If I wasn't willing to give the players some of the fictional creation / framing power, I had to do it myself.
What kind of ship are they trying to steal? Who owns it? What's the owner's relationship to other people in power inside the city? Who's guarding it? How well is it guarded? What's on the ship when they steal it? How easy is it to access the dock? Is the party likely to be pursued afterwards? Who will the pursuers be and how will they be engaging in the pursuit? What happens if they're recognized at another port of call? Who recognizes them? <
ad infinitum>
There's just so much detail that falls out from that single action declaration---"I steal a ship from the harbor."
And so many of the answers to those questions ultimately become "stuff in my (the GM's) notes"---stuff that the players are going to want to have knowledge of. Because players don't like to do stuff without understanding the risks, understanding their potential level of success, whether stealing the ship actually has a net positive or negative outcome on their goals (or fulfills some of the goals while undermining others, etc.). Someone at the game table has to ultimately generate these kinds of details for the fiction / framing around the proposed scene.
If it's all the GM's call to determine these details, then a significant portion of the players' actions are then going to be just what
@pemerton described, which is, they're now playing to
find out what's in those notes so they know how and when to actually initiate their "steal a ship from the harbor" action declaration.
I'm always willing to pivot and let players pursue new courses of action.

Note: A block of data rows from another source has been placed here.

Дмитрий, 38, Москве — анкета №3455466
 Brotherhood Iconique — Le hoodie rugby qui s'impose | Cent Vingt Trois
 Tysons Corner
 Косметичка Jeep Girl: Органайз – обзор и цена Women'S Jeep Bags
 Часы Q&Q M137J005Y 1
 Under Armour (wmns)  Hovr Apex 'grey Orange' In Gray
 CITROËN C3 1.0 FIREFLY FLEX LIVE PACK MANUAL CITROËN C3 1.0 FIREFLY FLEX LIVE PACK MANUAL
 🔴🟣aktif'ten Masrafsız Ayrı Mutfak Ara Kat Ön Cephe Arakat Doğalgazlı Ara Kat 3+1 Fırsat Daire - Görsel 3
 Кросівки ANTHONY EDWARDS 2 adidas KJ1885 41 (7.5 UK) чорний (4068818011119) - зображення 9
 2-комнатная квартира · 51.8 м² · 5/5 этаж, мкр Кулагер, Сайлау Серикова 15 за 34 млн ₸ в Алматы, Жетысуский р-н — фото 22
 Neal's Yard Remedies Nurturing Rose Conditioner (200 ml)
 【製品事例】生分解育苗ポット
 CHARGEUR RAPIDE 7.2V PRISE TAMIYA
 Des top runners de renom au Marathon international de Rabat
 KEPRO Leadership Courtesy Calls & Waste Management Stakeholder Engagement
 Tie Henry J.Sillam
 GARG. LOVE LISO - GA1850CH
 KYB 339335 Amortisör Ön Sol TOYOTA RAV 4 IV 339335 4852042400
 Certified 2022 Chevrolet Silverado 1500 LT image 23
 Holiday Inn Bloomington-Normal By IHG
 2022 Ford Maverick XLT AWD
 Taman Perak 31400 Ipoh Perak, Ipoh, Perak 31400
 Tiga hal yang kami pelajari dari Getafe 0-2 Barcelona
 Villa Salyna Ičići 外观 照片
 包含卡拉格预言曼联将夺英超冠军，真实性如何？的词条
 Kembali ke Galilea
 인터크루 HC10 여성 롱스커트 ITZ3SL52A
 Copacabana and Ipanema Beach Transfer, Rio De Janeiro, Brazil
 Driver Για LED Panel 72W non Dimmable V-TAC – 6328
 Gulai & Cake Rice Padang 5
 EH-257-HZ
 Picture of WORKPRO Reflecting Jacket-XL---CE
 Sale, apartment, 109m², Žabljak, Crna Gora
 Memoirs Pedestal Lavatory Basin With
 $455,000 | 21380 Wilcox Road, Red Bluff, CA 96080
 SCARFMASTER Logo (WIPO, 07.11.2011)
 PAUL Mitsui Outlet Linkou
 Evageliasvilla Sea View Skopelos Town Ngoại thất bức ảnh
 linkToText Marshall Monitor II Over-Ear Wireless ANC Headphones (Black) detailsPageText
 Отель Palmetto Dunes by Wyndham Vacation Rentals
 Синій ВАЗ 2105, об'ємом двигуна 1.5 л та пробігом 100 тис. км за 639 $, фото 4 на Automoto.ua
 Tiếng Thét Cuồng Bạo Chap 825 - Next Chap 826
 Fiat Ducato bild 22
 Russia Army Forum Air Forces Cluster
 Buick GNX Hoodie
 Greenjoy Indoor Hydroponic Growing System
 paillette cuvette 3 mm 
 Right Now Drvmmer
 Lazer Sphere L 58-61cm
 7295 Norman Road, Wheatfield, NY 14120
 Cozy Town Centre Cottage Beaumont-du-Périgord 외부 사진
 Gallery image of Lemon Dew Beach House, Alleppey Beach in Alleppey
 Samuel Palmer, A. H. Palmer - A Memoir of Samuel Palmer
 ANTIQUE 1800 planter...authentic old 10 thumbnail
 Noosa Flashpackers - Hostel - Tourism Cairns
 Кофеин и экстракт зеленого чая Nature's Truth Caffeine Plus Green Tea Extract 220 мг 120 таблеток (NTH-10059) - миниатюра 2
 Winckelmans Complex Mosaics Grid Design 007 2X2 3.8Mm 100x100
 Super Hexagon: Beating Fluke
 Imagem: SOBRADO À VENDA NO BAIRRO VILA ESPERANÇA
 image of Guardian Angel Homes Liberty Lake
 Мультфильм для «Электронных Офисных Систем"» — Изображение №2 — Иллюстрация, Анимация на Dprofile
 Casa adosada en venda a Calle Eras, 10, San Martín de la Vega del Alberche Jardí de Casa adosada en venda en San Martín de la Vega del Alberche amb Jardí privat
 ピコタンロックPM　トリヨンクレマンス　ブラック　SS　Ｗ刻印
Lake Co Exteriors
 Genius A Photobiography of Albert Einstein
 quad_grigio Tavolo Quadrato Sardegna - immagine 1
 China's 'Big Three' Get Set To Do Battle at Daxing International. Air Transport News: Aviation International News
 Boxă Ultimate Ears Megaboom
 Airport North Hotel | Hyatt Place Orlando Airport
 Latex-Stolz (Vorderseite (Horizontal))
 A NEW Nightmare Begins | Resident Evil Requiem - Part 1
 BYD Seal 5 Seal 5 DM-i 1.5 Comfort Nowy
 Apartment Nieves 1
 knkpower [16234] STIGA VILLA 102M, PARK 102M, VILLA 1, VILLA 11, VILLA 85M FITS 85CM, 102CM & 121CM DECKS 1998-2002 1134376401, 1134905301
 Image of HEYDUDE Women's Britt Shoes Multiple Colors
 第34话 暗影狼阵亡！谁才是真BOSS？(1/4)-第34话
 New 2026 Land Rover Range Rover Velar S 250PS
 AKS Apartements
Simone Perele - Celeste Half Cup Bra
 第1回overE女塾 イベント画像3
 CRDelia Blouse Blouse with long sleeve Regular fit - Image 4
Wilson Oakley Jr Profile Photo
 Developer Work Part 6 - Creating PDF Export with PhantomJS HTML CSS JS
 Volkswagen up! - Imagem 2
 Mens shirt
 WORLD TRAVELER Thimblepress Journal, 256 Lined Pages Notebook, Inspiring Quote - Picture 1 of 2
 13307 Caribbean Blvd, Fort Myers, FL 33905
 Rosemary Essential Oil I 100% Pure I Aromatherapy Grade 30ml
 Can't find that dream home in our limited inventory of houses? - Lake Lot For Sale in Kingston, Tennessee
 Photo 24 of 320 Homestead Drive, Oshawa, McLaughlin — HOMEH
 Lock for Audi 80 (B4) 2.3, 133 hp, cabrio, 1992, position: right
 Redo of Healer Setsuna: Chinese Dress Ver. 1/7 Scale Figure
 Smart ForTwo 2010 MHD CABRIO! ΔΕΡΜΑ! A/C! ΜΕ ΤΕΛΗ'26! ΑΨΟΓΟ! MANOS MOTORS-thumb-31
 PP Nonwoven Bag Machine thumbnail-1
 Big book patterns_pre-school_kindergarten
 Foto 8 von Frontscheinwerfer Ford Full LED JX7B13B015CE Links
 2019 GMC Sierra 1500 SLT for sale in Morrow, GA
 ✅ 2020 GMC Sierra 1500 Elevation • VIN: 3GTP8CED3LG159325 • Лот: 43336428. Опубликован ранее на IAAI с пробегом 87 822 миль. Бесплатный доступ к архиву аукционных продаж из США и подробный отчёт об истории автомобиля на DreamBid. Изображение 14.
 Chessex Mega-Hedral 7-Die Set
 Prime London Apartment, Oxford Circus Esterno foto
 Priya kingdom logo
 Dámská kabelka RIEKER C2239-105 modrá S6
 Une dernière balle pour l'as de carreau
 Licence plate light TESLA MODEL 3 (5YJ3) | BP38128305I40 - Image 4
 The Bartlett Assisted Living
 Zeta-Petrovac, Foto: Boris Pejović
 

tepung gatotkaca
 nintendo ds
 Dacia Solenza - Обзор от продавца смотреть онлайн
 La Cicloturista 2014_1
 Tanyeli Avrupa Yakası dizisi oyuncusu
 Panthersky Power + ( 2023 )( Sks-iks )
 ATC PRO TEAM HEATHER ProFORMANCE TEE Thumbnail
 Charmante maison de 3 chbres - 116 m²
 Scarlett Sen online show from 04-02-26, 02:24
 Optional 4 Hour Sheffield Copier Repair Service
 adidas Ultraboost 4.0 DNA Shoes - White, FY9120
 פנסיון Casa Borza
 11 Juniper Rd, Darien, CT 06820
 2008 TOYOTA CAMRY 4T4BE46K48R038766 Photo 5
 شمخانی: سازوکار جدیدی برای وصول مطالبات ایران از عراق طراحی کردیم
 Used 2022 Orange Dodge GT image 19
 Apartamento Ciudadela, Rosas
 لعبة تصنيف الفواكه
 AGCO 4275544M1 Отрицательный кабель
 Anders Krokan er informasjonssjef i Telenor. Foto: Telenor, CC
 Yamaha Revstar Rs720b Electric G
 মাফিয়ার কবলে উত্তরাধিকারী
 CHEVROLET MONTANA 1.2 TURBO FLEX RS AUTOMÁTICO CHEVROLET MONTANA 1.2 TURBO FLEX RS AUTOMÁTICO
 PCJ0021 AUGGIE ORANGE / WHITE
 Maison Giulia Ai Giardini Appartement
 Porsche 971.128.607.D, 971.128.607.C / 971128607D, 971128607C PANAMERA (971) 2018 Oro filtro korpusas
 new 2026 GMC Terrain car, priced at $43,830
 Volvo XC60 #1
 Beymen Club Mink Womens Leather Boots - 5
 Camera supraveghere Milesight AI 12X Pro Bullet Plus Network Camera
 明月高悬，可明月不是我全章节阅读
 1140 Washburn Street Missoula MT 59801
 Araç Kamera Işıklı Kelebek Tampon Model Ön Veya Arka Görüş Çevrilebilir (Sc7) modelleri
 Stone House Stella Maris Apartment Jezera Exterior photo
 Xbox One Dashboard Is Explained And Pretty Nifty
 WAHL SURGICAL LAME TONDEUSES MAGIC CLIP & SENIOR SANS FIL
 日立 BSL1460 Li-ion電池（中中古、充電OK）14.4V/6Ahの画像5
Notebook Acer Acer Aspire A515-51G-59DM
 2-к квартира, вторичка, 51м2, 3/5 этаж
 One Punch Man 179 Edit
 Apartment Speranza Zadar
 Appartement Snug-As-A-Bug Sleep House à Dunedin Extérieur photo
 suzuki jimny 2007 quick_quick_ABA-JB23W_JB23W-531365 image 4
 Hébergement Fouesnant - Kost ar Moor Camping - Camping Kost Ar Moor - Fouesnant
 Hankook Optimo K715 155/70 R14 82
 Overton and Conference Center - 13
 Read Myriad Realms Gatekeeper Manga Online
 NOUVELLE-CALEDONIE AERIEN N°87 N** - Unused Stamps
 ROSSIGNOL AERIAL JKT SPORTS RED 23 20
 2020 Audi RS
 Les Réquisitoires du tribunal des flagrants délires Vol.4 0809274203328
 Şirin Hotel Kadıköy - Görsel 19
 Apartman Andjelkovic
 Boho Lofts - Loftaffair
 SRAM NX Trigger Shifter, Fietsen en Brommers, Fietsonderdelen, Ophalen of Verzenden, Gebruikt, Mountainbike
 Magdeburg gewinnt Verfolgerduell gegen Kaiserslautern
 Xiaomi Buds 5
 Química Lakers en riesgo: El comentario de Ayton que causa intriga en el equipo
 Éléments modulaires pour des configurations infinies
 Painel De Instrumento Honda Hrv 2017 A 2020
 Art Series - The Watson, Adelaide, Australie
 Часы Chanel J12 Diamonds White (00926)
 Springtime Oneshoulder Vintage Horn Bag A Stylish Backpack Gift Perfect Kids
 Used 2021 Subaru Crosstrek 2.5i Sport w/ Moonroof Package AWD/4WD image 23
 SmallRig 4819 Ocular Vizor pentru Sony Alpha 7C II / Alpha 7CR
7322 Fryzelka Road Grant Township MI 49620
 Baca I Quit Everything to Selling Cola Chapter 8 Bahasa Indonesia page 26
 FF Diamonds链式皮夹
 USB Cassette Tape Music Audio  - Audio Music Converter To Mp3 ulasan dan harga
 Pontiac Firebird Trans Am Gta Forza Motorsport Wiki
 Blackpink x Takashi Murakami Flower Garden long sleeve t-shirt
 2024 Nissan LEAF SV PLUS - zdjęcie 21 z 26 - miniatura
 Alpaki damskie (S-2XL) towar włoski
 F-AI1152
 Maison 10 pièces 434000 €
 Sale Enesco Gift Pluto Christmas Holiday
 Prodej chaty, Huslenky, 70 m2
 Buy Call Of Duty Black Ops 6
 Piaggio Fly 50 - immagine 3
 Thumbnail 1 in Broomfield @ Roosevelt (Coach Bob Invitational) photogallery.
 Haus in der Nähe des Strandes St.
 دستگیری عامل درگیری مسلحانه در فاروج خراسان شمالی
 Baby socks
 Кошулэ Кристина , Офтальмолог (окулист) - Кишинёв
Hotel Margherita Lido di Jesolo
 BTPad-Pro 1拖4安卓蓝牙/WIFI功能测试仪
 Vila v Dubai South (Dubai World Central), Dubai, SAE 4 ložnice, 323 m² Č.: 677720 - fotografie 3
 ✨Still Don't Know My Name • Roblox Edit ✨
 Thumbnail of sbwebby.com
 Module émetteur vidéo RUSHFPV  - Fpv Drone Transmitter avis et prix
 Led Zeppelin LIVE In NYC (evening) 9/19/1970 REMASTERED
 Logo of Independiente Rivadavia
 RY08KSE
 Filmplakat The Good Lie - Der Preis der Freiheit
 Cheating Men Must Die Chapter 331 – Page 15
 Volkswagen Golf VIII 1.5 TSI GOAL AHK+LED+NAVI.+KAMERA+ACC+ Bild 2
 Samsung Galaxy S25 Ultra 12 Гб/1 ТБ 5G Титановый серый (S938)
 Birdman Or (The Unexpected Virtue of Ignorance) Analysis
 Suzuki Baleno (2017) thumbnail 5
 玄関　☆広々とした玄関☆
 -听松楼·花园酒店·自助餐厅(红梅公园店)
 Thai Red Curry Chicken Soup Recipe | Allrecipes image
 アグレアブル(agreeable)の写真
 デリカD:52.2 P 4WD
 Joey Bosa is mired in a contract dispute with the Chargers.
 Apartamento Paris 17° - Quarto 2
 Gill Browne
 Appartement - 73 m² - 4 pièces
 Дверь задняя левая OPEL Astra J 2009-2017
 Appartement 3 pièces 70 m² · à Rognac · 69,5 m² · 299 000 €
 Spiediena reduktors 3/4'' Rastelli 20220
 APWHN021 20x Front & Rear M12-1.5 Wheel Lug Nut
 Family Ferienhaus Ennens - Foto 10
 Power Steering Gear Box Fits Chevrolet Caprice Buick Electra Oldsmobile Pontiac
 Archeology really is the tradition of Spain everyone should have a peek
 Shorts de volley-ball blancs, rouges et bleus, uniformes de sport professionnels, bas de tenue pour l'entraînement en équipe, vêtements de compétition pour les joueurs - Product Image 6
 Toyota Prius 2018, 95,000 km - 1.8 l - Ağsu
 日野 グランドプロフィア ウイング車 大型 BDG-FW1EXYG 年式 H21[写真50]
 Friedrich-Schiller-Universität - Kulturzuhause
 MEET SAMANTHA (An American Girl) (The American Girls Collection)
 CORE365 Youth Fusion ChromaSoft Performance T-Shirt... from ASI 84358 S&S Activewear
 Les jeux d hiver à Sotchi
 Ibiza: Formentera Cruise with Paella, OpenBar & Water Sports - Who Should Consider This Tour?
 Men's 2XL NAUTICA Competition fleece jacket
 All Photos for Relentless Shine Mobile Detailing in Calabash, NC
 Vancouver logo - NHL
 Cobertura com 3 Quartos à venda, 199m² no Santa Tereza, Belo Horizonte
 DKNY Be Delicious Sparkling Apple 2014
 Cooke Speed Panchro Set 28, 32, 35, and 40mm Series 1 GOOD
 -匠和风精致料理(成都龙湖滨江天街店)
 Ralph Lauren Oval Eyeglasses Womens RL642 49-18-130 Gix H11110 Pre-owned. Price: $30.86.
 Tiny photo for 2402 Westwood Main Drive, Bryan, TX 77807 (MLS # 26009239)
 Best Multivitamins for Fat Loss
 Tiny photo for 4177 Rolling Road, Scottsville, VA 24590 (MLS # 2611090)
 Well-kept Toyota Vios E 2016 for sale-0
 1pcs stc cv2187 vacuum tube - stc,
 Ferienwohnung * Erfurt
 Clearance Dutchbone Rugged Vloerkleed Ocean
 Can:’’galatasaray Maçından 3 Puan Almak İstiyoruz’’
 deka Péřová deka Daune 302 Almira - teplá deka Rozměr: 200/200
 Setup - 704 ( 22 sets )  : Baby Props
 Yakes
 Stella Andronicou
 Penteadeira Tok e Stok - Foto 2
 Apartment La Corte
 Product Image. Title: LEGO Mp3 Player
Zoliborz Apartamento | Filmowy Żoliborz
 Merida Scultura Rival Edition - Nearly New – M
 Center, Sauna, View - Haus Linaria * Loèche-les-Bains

But there's a ton of ancillary "note generation" that then goes into it, and those notes have a significant impact on play.
*Edit---this is the kind of thing I was talking about in my earlier post about how making the players the focus of the action "required a significant amount of negotiation / 'Mother-may-I?' or outright 'handwavium' to make them the focus of play." All of this stuff around framing the scene for stealing the boat is stuff that I basically have to generate---and if I-as-GM am the only one creating those notes, then I either have to outright tell those players what I've noted, or the focus of play now becomes figuring out what I put into those notes.
Even with the best of intentions, the ability of the players to successfully carry out their course of action is all based on a GM judgement call of
what did I put into my notes?
This is what I was trying to communicate to
@Emerikol previously, which is that no matter how detailed your initial "prefabrication" is, these types of details around individual scene frames (like "We steal a boat") are not pre-existent when the action declaration is presented, or even if they are,
they're still "notes" that the players have to now retrieve from the GM before they can realistically make the "I steal a boat" action declaration.